Menu:

Sunday, August 17, 2003

Automating Website Backups

Proper backups are vitally important and websites are no exception. The following article provides a blueprint for an automated backup procedure of a website running on Linux or other Unix-like operating systems. The scripts will likely function under cygwin on Windows. The procedures are aimed at a shared hosting environment without shell (SSH) access, although they can be extended to dedicated or co-located servers. It is assumed that the reader is familiar with Linux system administration.
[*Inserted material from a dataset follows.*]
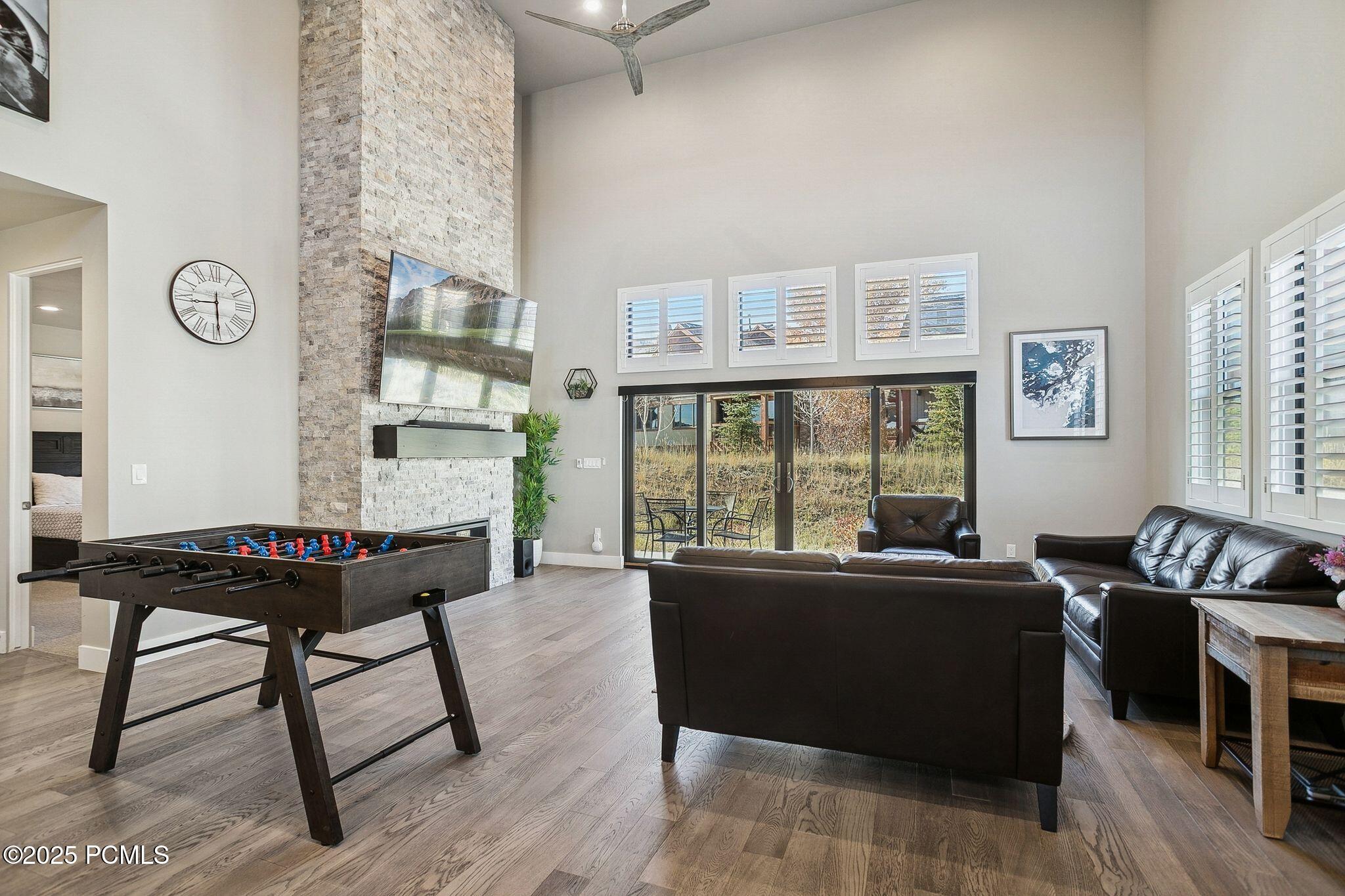 Heber City, Utah 84032, United States, 4 Bedrooms Bedrooms, ,4 BathroomsBathrooms,Residential,Active,236969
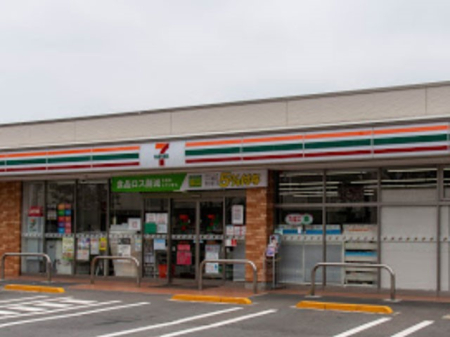 ���ӊ� �R���r�j 400m �Z�u��-�C���u��-�������쒬�R���ړX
In the typical hosting environment, there are three classes of data to be backed up, files, databases, and control panel configuration.

File Backup

Backing up files is generally a straightforward task, since all the relevant files can typically be accessed by ftp. The samples below use the Perl mirror utility, but there are many other tools that could be used instead (like ftpcopy or wget). After mirror is installed, the automated file backup requires a mirror package file and a crontab entry.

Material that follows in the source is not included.